Input material section start
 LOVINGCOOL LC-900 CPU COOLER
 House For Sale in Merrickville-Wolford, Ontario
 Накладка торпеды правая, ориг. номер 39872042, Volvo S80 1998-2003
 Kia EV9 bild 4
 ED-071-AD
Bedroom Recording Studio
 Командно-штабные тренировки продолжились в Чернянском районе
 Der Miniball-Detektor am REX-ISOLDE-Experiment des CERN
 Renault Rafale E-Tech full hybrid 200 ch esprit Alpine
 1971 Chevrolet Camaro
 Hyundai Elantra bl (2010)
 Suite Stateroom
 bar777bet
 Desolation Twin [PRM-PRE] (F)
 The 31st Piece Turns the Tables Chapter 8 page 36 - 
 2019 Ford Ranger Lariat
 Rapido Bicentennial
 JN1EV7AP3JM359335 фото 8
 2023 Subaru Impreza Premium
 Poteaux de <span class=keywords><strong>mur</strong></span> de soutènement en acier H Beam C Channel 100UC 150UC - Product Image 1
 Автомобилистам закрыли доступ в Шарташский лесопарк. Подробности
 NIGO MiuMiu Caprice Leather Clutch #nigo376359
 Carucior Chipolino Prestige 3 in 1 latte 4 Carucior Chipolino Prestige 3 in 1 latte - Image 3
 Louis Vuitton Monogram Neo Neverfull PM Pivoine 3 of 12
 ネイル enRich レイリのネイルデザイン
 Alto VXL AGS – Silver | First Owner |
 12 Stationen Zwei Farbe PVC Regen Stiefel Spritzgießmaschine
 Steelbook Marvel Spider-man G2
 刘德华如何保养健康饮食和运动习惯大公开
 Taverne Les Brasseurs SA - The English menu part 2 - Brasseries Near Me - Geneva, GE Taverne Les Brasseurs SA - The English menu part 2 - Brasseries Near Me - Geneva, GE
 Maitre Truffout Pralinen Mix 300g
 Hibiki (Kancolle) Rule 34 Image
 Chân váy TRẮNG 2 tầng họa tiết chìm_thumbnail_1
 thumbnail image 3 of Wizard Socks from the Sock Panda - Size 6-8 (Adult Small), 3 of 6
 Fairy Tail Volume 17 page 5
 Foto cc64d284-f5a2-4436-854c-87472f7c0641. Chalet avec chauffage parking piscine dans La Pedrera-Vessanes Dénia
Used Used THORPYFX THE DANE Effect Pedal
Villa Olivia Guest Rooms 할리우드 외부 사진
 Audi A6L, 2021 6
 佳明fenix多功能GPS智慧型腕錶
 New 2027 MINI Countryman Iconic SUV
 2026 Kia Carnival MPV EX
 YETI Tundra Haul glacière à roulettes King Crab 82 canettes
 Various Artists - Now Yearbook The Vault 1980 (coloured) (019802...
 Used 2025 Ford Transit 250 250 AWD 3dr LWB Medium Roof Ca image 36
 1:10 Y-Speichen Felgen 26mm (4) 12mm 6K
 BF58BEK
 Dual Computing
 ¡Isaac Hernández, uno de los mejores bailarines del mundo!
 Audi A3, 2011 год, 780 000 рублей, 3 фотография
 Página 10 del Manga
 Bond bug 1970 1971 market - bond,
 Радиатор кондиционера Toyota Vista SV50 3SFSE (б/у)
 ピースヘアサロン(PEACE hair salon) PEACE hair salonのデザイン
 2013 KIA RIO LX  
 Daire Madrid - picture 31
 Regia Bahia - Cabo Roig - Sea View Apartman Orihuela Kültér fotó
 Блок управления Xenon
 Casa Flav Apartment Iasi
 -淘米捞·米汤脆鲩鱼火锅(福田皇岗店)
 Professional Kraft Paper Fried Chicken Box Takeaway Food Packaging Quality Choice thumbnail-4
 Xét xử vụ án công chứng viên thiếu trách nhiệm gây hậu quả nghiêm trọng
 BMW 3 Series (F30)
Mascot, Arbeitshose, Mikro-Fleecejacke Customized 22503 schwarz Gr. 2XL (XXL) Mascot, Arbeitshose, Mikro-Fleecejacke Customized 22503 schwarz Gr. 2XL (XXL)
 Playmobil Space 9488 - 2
Input material section end
## [Instructions to follow]
Beginning at the line above that contains "1971 Chevrolet Camaro", return each line exactly through the line that contains "Alto VXL AGS – Silver | First Owner |", and no others.

## [Response to the exercise]
 1971 Chevrolet Camaro
 Hyundai Elantra bl (2010)
 Suite Stateroom
 bar777bet
 Desolation Twin [PRM-PRE] (F)
 The 31st Piece Turns the Tables Chapter 8 page 36 - 
 2019 Ford Ranger Lariat
 Rapido Bicentennial
 JN1EV7AP3JM359335 фото 8
 2023 Subaru Impreza Premium
 Poteaux de <span class=keywords><strong>mur</strong></span> de soutènement en acier H Beam C Channel 100UC 150UC - Product Image 1
 Автомобилистам закрыли доступ в Шарташский лесопарк. Подробности
 NIGO MiuMiu Caprice Leather Clutch #nigo376359
 Carucior Chipolino Prestige 3 in 1 latte 4 Carucior Chipolino Prestige 3 in 1 latte - Image 3
 Louis Vuitton Monogram Neo Neverfull PM Pivoine 3 of 12
 ネイル enRich レイリのネイルデザイン
 Alto VXL AGS – Silver | First Owner |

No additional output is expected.